§ **Task brief**
Could the data below be copied exactly, minus the pictures?

§ **Data below**
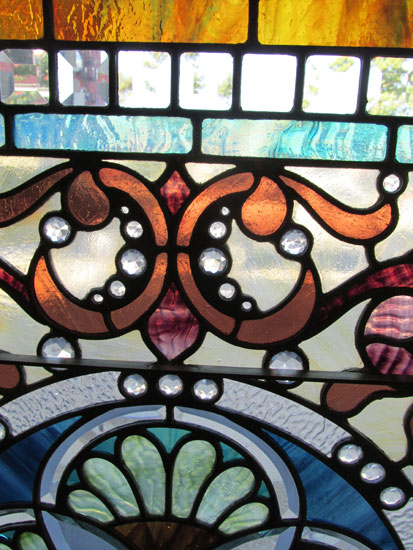 Stained Glass Window With Jewels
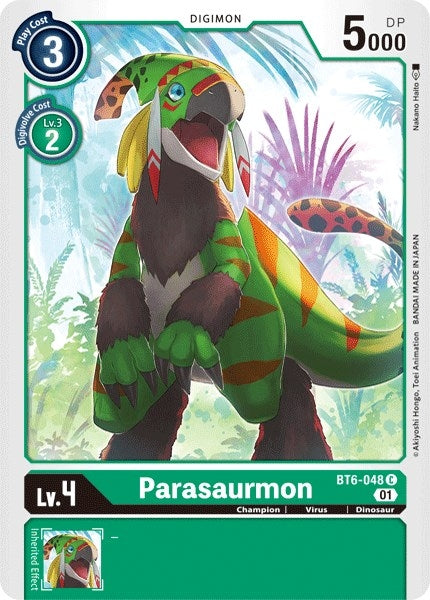 Parasaurmon (6048) [BT06] - Digimon Card Game Single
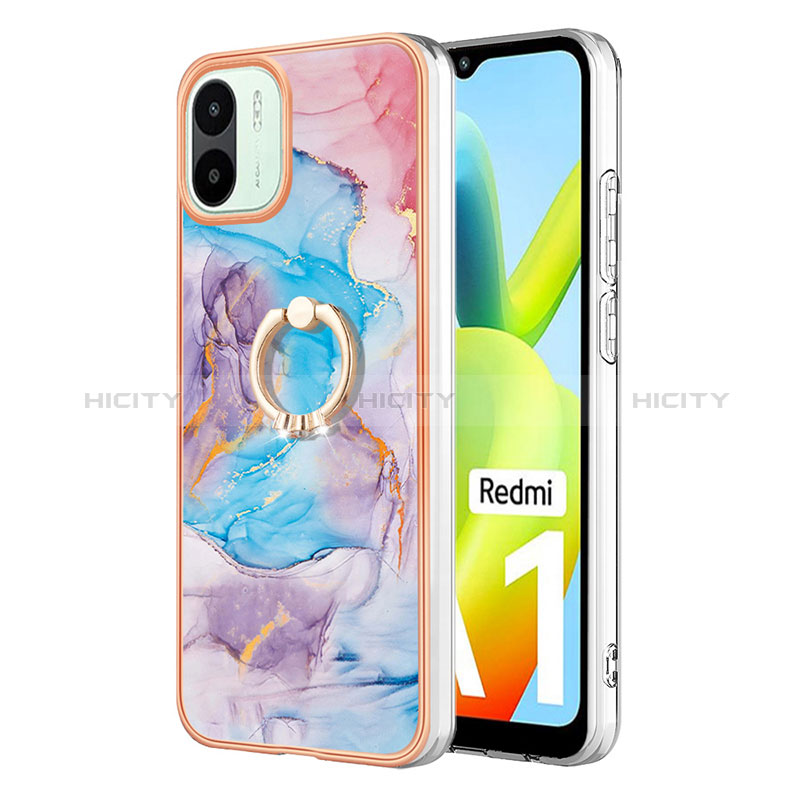 Funda Silicona Gel Goma Patron de Moda Carcasa con Anillo de dedo Soporte YB3 para Xiaomi Poco C50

§ **Exercise response**
 Stained Glass Window With Jewels
 Parasaurmon (6048) [BT06] - Digimon Card Game Single
 Funda Silicona Gel Goma Patron de Moda Carcasa con Anillo de dedo Soporte YB3 para Xiaomi Poco C50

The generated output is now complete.